Militants have held noisy protests in dozens of cities and towns, burning Mr. Bush in effigy and promising a "holy war" against any American troops setting foot here. The possibility that American pressure could destabilize Pakistan or even throw the country into chaos appeared real.

The speech appeared intended to buy time by suggesting that American action was not imminent and to rally support by stating that if Pakistan did not back the United States, its rival, India, would exploit the situation. Speaking of India, a country with which Pakistan has a deep conflict over Kashmir, General Musharraf said, "They want to enter into any alliance with the United States and get Pakistan declared a terrorist state."

Pakistan and Afghanistan share a 1,500-mile border of deserts and mountains. Some of Pakistan's major air bases lie 10 or 15 minutes' flying time from possible targets around major Afghan cities.

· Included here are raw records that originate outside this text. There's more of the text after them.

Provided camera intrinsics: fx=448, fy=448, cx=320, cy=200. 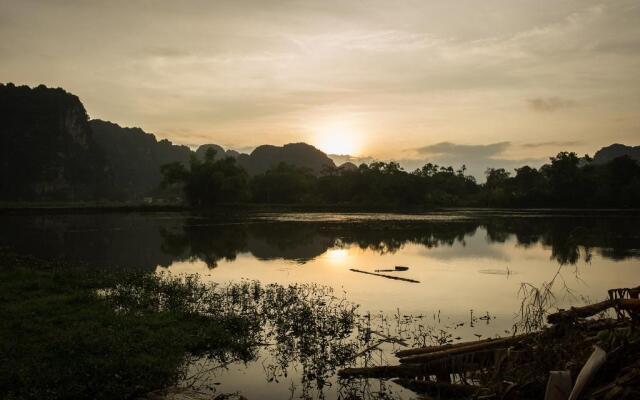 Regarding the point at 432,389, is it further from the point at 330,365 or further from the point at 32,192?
the point at 32,192

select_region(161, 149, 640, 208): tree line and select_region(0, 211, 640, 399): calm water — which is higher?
select_region(161, 149, 640, 208): tree line

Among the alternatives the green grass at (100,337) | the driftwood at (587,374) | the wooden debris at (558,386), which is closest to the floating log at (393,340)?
the green grass at (100,337)

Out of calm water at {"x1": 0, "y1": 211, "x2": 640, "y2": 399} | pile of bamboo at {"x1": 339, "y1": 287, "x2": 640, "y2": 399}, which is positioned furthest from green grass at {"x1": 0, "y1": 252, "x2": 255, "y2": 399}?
pile of bamboo at {"x1": 339, "y1": 287, "x2": 640, "y2": 399}

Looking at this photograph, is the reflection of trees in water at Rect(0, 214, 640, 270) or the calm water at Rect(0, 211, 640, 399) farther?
the reflection of trees in water at Rect(0, 214, 640, 270)

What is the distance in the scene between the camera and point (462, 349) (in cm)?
852

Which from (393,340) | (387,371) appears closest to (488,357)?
(387,371)

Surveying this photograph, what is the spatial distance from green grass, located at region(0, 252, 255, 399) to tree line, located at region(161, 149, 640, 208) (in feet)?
318

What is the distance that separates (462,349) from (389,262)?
→ 63.9 ft

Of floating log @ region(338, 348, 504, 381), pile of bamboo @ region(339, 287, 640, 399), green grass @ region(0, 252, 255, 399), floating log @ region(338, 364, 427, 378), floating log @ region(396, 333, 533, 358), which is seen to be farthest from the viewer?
floating log @ region(338, 364, 427, 378)

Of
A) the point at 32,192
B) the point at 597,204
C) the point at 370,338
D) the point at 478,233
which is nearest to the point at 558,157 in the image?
the point at 597,204

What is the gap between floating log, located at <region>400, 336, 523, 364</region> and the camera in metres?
8.26

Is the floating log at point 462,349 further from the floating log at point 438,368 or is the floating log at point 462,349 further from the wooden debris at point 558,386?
the wooden debris at point 558,386

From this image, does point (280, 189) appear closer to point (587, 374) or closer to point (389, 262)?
point (389, 262)

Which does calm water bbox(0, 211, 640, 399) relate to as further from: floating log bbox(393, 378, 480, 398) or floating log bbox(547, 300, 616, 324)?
floating log bbox(547, 300, 616, 324)
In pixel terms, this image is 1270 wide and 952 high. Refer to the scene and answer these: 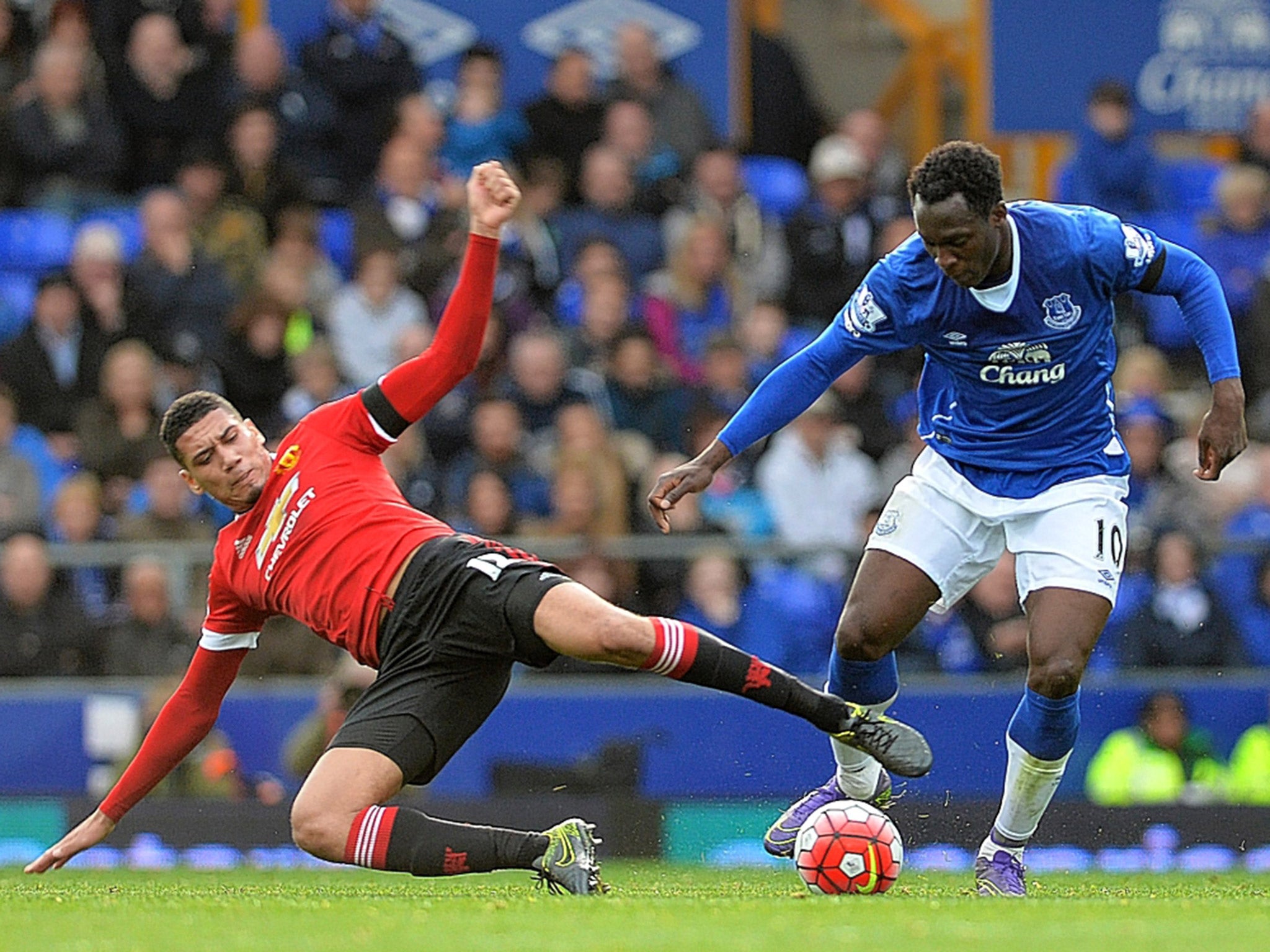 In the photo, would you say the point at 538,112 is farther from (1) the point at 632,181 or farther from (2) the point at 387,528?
(2) the point at 387,528

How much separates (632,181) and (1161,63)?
4.57 meters

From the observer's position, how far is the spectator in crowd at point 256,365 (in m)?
13.5

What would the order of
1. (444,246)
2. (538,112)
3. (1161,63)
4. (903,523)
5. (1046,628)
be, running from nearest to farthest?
(1046,628) < (903,523) < (444,246) < (538,112) < (1161,63)

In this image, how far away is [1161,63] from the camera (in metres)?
16.8

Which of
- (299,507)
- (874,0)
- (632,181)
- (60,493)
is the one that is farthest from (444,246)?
(299,507)

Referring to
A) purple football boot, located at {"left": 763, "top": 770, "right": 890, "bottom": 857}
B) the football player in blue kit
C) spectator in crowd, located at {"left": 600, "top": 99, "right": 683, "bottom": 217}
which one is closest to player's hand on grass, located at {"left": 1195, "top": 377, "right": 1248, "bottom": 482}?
the football player in blue kit

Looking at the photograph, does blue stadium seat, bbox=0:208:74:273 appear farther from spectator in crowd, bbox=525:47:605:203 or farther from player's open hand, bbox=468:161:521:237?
player's open hand, bbox=468:161:521:237

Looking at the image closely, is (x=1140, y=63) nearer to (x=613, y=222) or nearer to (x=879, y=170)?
(x=879, y=170)

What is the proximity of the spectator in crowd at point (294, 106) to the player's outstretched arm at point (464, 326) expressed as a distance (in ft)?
24.3

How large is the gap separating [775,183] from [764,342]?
244 centimetres

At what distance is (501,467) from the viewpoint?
12695 mm

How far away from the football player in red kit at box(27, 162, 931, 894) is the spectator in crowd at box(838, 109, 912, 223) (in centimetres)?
737

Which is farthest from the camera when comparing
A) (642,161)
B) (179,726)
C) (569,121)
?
(569,121)

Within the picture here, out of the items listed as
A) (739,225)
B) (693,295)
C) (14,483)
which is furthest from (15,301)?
(739,225)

Even as the Pentagon moved additional combat aircraft and ships into the region, it was unclear how far off any American assault might be.

General Musharraf, evidently marked out as a major partner in any strike, said that based on what Pakistan knew, "the American plans are not ready" and had not reached the point where details of Pakistan's involvement have been discussed.

The general, who took power in a coup less than two years ago, said that for him "Pakistan comes first, and everything else second." It was that approach, he added, that had led him to choose cooperation with the Americans, with its risks of domestic upheaval, over defiance that might have made a pariah of Pakistan.

Pakistan has sought to have sanctions against it erased, and the United States plans to make its case for lifting sanctions this week, congressional officials in Washington said.

General Musharraf's assertion that his air force had been put on its highest state of alert to guard against a possible Indian attack on nuclear sites appeared to alarm Mr. Bush. In two hours, Mr. Bush told reporters in the Oval Office that in the diplomacy surrounding the terrorist attacks "we will work with Pakistan and India to make sure that that part of the world is as safe as we can possibly make it."

General Musharraf said his military delegation to Afghanistan returned from talks with Mullah Omar and others on Tuesday night with a rejection of the American demand that they surrender Mr. bin Laden to face trial for terror acts and interrogation as Washington's "prime suspect" in the attacks last week.